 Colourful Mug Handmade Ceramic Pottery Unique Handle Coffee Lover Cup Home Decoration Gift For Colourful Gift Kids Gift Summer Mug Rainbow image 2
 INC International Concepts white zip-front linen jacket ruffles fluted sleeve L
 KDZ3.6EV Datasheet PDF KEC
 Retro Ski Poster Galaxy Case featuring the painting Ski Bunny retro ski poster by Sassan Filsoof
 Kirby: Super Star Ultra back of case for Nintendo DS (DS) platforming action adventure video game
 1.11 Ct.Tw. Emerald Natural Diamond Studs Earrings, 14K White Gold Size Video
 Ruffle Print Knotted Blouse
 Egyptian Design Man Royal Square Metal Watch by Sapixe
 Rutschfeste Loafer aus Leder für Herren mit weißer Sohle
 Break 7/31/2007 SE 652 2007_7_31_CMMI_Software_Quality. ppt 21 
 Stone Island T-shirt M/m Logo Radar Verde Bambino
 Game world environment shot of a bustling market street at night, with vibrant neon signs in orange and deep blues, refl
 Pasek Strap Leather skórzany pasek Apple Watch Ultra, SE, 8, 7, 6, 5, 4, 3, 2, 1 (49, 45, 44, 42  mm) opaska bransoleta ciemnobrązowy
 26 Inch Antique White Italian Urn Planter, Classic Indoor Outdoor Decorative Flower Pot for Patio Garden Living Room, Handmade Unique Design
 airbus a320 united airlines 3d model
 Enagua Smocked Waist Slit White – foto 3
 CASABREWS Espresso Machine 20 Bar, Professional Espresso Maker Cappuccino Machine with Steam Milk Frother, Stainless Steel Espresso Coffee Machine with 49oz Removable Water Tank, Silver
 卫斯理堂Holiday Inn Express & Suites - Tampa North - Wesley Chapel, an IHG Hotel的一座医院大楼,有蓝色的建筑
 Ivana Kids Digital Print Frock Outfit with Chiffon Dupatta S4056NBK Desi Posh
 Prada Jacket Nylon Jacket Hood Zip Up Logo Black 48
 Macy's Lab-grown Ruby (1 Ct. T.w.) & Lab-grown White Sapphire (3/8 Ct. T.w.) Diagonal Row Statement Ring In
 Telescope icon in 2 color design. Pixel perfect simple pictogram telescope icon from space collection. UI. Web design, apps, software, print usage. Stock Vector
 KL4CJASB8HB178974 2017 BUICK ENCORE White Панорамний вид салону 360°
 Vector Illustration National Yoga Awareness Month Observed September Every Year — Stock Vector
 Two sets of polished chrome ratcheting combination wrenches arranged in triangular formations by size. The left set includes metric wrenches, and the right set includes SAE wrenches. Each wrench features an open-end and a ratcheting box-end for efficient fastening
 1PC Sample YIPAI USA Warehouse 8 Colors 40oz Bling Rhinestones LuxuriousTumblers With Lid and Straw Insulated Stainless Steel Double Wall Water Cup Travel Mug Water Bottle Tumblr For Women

····················

:: Work to complete ::
Return a copy of every line in the records that includes the string "Handmade".

:: Answer space ::
 Colourful Mug Handmade Ceramic Pottery Unique Handle Coffee Lover Cup Home Decoration Gift For Colourful Gift Kids Gift Summer Mug Rainbow image 2
 26 Inch Antique White Italian Urn Planter, Classic Indoor Outdoor Decorative Flower Pot for Patio Garden Living Room, Handmade Unique Design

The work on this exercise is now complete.